DAPATKAN RUMAH IDAMAN ANDA SEKARANG JUGA !!! KLIK DISINI





More aboutHarga Rumah di Yogyakarta Selangit, Konsumen Cuma Bisa Gigit Jari

Rumah Dijual di Yogyakarta NEWS : HARGA TANAH YOGYAKARTA TERMAHAL KE-DUA DI INDONESIA

Diposting oleh Rumah Dijual di Yogyakarta


Rumah dijual di Yogyakarta | Rumah Jogja TERBARU 2012
Bisnis properti di Yogyakarta sudah bukan lagi harus mengandalkan pasar dan pelaku lokal. Berdatanganya developer kelas kakap yang membenderol properti selangit, menunjukkan Kota Gudeg sudah menjadi pasar stragetis nasional.

Ketua Real Estat Indonesia (REI) DIY, Remingius Edi Waluyo mengatakan properti Yogyakarta diminati pasar luar daerah karena berbagai alasan, satu di antaranya anggapan sebagai wilayah yang aman, dan konsisi ekonomi serta politik yang stabil.

"Yogya mempunyai reputasi sebagai kota yang paling nyaman ditinggali, biaya hidup relatif rendah, sehingga banyak orang yang ingin menghabiskan masa tuanya di Yogyakarta," kata Remi beberapa waktu lalu.

Karena alasan itu, banyak orang yang ingin memiliki rumah di Yogyakarta, yang kemudian berkorelasi dengan peningkatan harga tanah.

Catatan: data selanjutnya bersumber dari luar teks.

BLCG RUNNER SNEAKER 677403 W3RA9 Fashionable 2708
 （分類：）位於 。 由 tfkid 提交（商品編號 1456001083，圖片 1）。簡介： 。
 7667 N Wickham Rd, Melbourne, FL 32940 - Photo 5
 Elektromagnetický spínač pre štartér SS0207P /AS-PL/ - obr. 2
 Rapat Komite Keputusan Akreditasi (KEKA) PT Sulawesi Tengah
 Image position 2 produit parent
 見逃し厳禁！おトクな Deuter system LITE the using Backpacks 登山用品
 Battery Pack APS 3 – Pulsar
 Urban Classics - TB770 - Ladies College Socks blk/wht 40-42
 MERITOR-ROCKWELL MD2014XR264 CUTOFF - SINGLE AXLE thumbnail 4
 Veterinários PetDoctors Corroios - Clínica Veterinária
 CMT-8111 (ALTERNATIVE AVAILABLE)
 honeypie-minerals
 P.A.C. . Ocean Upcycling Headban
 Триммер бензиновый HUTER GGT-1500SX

Bahkan, kini harga tanah di wilayah ini sudah menjadi yang termahal kedua di Indonesia, setelah Bali.

"Ini menjadikan harga tanah di Yogya semakin tidak realistis jika dibandingkan daerah lain, seperti Semarang dan Solo. Dua wilayah yang peningkatan harga tanahnya sangat pesat adalah kota Yogya dan Sleman. Pergantian harga tanah di wilayah itu hanya dalam hitungan bulan," ujarnya.

Kondisi seperti ini, satu sisi bisa menggairahkan bisnis properti di Yogyakarta. Namun, di sisi lain, memberatkan pengemban lokal, karena harga rumah menjadi sangat mahal.

"Pengembang bermodal menengah harus segera memutarkan uangnya agar bisnis ini terus berjalan. Tetapi yang paling kasihan justru orang Yogya, yang makin tidak bisa membeli rumah di tanah kelahirannya," keluhnya.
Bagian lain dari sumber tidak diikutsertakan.